Are the LEPrechauns spending our money wisely?
A leprechaun is the Irish for a small body not entirely engaged with our world, rather like, as will become clear, a Local Enterprise Partnership (LEP). 39 (now 38) LEPs were created in 2011, linked to local government, to devolve the simulation of economic growth across England. So far, they have spent about £7.6bn, but much more is in the pipeline, including the previous UK contribution to the EU for local enterprise support. The Ministry of Housing, Communities & Local Government (MHCLG) is responsible for supervision and funding.
The National Audit Office reviewed LEPs in May 2019 and was less than complimentary (para.13): “the Department [i.e. MHCLG] has made no effort to evaluate the value for money of nearly £12 billion in public funding, nor does it have robust plans to do so. The Department needs a grip on how effectively these funds are used. It needs to act if it wants to have any hope of learning the lessons of what works locally for future interventions in local growth, including the new UK Shared Prosperity Fund.” This will replace the €16.4bn. the UK received annually from the EU split equally across three funds: regional, agricultural and social, i.e. not enterprise. The government intends to use these funds to “reduce inequalities between communities”. Consultation is, or was, due during 2020.
Whitehall introduced no less than 54 local investment schemes between 1978 and 2016. The LEP Network Operations Plan 2017-2018 gives no indication of costs, objectives or achievements. The “plan” is simply that LEPs should communicate with one another. The “Local Growth Fund” has been the subject of continual tinkering since inception in 2013. And “Growth Hubs” which “are different to LEPs in that they are focused on the tangible delivery of business support within each region. Growth Hubs provide face-to-face professional advice to businesses and signpost them to the best resources from both the public and private sector within the area.”
In fact Growth Hubs are LEP subsidiaries and provide both advice and money. The Hertfordshire Growth Hub aims to be the best in the country. In 2018/19 it provided £570K to over 200 businesses, £300K being from the EU and £270K from the MHCLG. Advice is free from eight full time professionals, a consultancy firm and the local university but there is no indication of the cost of the Hub nor value for money. It is linked with the local chamber of commerce.
The question is whether LEPs contribute, on net, to the economy. Their title indicates that to be the intention: “Enterprise is another word for a for-profit business or company, but it is most often associated with entrepreneurial ventures.” The quarterly performance figures LEPs report to MHCLG, however, are only loosely connected with that word (NAO 2.26): “financial spend; jobs created; number of apprenticeships created; number of new homes completed; and flood risk prevention.” Job creation is most definitely not a measure of economic growth, particularly for a country seeking increased productivity.
42% of Growth Fund (LEP) expenditure goes on transport projects, 20% on “skills” (presumably apprenticeships), 17% on “economic development”, 9% on site development (mostly housing) and 12% on (unexplained) “other” (NAO Table 11). Economic development includes “broadband infrastructure, regeneration and business support”. In short, very little goes on enterprise.

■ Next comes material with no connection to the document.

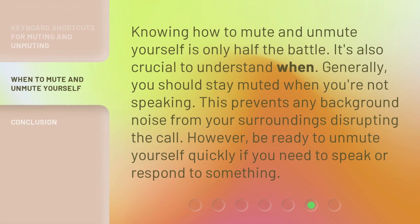Knowing how to mute and unmute yourself is only half the battle — it's also crucial to understand when. Generally, you should stay muted when you're not speaking. This prevents any background noise from your surroundings disrupting the call. However, be ready to unmute yourself quickly if you need to speak or respond to something.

Important as they are, housing, flood defence and infrastructure are public expenditure, i.e. matters for national and local government. Government should not pretend to be stimulating private enterprise when the money is really going on public projects. To confuse matters further, local government does spend on economic development alongside LEPs though this declined from £1bn. in 2010/11 to about £400M in 2012/3 and thereafter.

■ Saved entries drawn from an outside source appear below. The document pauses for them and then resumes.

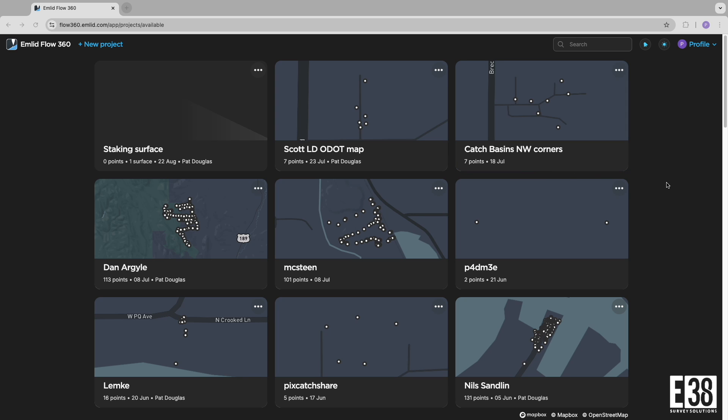Hi, it's Patrick with E38. In this video, I'm going to show you how to create custom coordinate systems in MLID Flow and MLID Flow 360, first using known parameters and then through localization.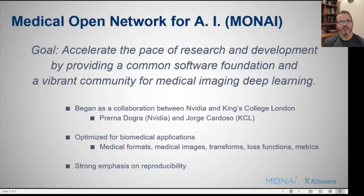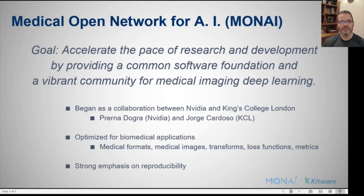MONAI stands for Medical Open Network for AI. The goal of the MONAI system is to accelerate the pace of research and development by providing a common software foundation and a vibrant community for medical image deep learning. It began as a collaboration between NVIDIA and King's College London, but it's grown significantly since then. What makes it particularly strong is that it's optimized for biomedical applications, and this is why you should use it over PyTorch and the other systems that are out there.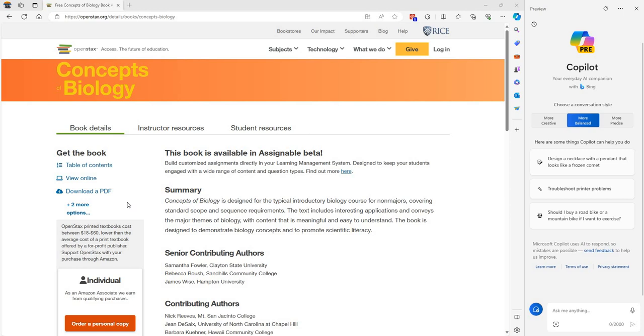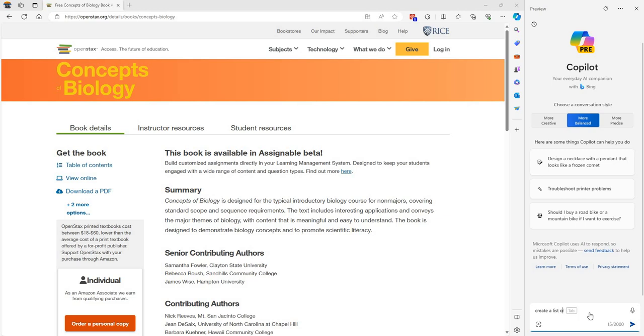So here's how you can use Copilot to create some study questions for you for your particular course. What you can do is you can take your course's book, this one is called Concepts of Biology, and you can ask Copilot to create a list of questions.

The LEP Network sees the future as creating vague “strategies”. The New Anglia LEP strategy, for example, notes three regional strengths (clean energy, agri-food and ICT digital creative), and the developments taking place in those sectors, but says not a word about actions to be taken, expected outcomes or the contribution the LEP will make. The local pictures are pretty enough but this is motherhood.
LEPs and the other local quangos are a maze of good intentions leading to muddle and confusion. Early stage entrepreneurs simply do not have the time to explore the myriad schemes available, still less go through all the application processes. There should be one simple and long-lasting scheme. What should be done? Let us start with some positives. Devolving economic stimulus from Whitehall to local is good and allows, as now happens, funds to be weighted towards the regions that need them most, notably the north. Some SMEs and start-ups need both money and advice, others one or the other.
Recommendations:
Growth Hubs should be retained but limited to face-to-face advice under the direction of local chambers of commerce which understand business better than local government. Advice should remain free to clients but costs, effectiveness and efficiency should be monitored professionally and performance compared across all Hubs in England.
Apart from those needed by Hubs, LEPs should be closed with public expenditure responsibilities being returned to local government, private sector advice to Hubs and private sector funding to a focused non-quango scheme. The Dragons’ Den provides a possible model. The taxpayer should have more faith in the judgment of a private investor keen to put his or her own money into a project than that of a small body of people not needed in the office. One possibility is the business angel top up scheme but just one simple scheme should be adopted. As with Hubs, the very little administration would best be conducted by the local chamber of commerce.
These recommendations, if adopted, should be piloted and revised before being rolled out nationally.